CFP Jun 29, 2026

Becoming Visible (Pisa, 16-18 Dec 26)

Pisa, Dec 16–18, 2026
Deadline: Sep 15, 2026

Sergio Cortesini

Becoming visible: The Third International CIRQUE Conference.

The Third International CIRQUE Conference takes visuality as its battleground: a key disruptor of established meanings, a vehicle for alternative subjectivities made visible in society.
We aim to examine both historical and contemporary practices through which queer subjectivities are, or were, articulated and disclosed using visual strategies of legibility—broadly defined to include fine arts, moving images, digital media, and their intersections with theatre and music.
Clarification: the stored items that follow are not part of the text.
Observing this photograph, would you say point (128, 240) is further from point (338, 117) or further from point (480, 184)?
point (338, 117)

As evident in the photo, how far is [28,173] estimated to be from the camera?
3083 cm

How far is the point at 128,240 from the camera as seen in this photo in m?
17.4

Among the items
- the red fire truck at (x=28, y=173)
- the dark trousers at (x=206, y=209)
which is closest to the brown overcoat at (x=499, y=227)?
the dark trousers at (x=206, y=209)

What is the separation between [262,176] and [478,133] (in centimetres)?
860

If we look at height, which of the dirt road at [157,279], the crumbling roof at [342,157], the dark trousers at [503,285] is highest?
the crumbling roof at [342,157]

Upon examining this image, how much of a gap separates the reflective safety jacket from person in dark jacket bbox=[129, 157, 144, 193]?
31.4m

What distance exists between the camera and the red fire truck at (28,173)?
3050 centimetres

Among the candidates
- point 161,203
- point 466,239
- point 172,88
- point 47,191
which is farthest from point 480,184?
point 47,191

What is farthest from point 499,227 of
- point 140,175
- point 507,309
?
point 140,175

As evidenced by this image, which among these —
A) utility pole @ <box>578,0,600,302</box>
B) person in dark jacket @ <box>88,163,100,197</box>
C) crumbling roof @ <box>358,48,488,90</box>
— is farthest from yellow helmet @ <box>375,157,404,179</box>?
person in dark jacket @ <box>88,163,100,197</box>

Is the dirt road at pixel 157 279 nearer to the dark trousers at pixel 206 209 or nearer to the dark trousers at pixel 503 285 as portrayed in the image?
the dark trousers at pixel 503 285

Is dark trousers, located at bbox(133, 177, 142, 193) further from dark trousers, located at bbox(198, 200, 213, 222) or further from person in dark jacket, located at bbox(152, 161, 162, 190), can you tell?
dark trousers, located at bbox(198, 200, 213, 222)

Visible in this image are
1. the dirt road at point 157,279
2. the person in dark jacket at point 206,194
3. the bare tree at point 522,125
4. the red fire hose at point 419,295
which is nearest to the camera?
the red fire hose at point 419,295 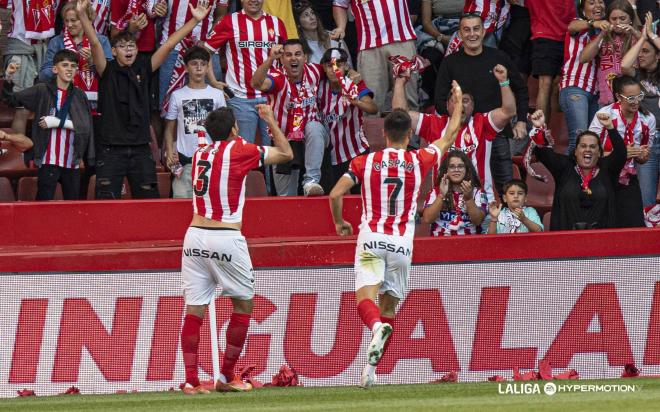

These practices range from quasi-secret codes and forms of semantic resilience developed in historical periods or regions marked by strong patriarchal oppression to more explicit and self-affirmative expressions.
Over the past decade, visual studies have increasingly engaged with theoretical frameworks that challenge linear, historicist models of development, embracing notions of palimpsest and plurality of meaning. Within art history, scholars such as Alexander Nagel, Christopher Wood, and Georges Didi-Huberman, among others, have highlighted alternative temporalities. David Getsy has applied transgender studies to the interpretation of abstract, non-gendered bodies in sculpture. More broadly, anthropological approaches and a heightened focus on vernacular forms have expanded the range of meaningful sources for inquiry.
In the broader field of queer aesthetics and political philosophy, concepts such as failure (Jack Halberstam) and resistance to modernist regimes of legibility—alongside the embrace of the anarchic métis (practical cunning), as theorized by James C. Scott—challenge the boundaries of disciplinary orthodoxy. These theoretical perspectives contribute to a platform for discussing tensions, resilience, and layered, palimpsestic codes, as well as strategies for appropriating and redefining (art-)historical languages that queer visualities both inhabit and disrupt.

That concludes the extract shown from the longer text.